Citation: Werner M, Semsey S, Sneppen K, Krishna S (2009) Dynamics of Uptake and Metabolism of Small Molecules in Cellular Response Systems. PLoS ONE 4(3): e4923. https://doi.org/10.1371/journal.pone.0004923
Editor: Timothy Secomb, University of Arizona, United States of America
Received: July 17, 2008; Accepted: February 5, 2009; Published: March 17, 2009
Copyright: © 2009 Werner et al. This is an open-access article distributed under the terms of the Creative Commons Attribution License, which permits unrestricted use, distribution, and reproduction in any medium, provided the original author and source are credited.
Funding: This work was funded by Danish National Research Foundation, the Swedish Research Council and by the grant OTKA PD75496. The funders had no role in study design, data collection and analysis, decision to publish, or preparation of the manuscript.

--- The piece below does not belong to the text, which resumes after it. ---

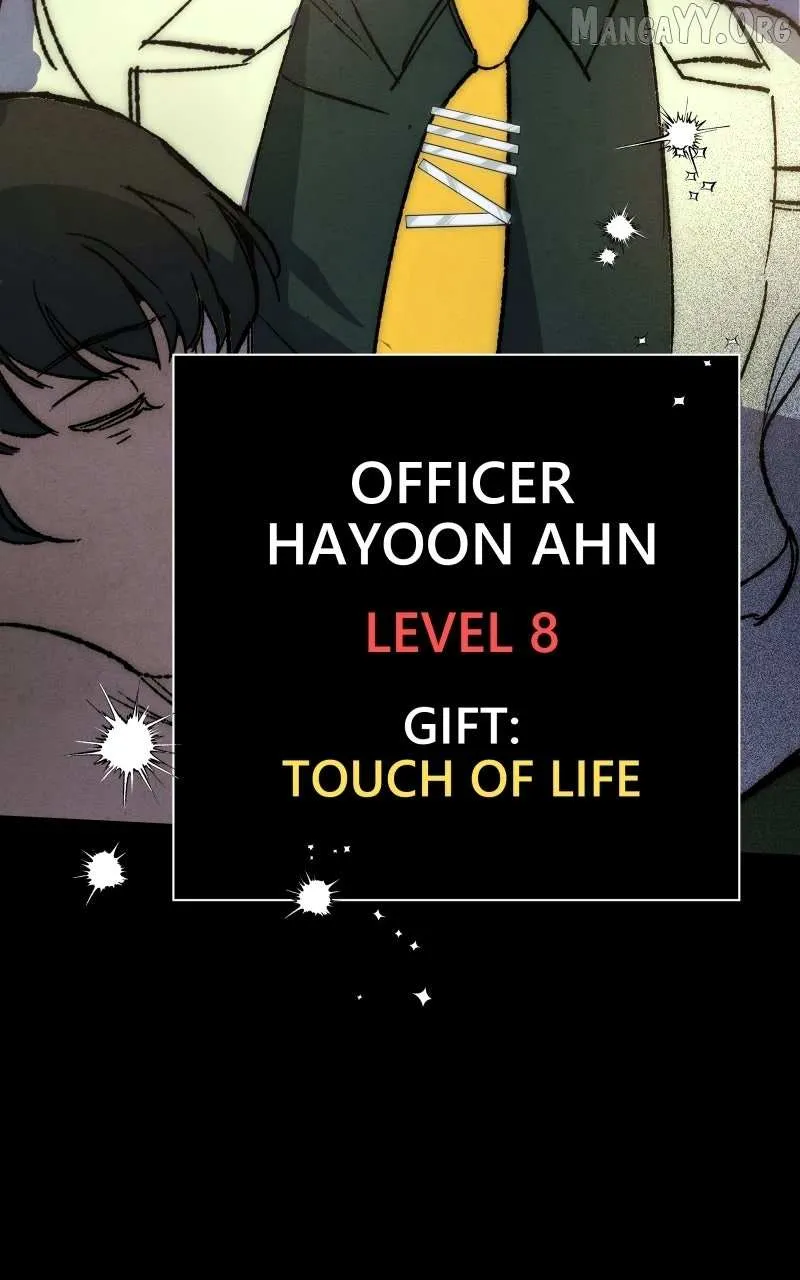 Hand Jumper Chapter 99 page 24 -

Competing interests: The authors have declared that no competing interests exist.
Introduction
Cells are constantly assessing and responding to environmental changes, thereby maintaining a regulated system that deals with the presence of nutrients, minerals, and toxic compounds. To manipulate the many small molecules required for cellular function, cells regulate the uptake and the metabolism of these molecules. Typically, small molecules bind and alter the function of specific transcriptional regulators that regulate transcription of genes encoding the cognate transporters and metabolic enzymes [1]. In many cases the same transcription factor regulates both the transport and the metabolism genes, thus linking the two feedback loops [1], [2].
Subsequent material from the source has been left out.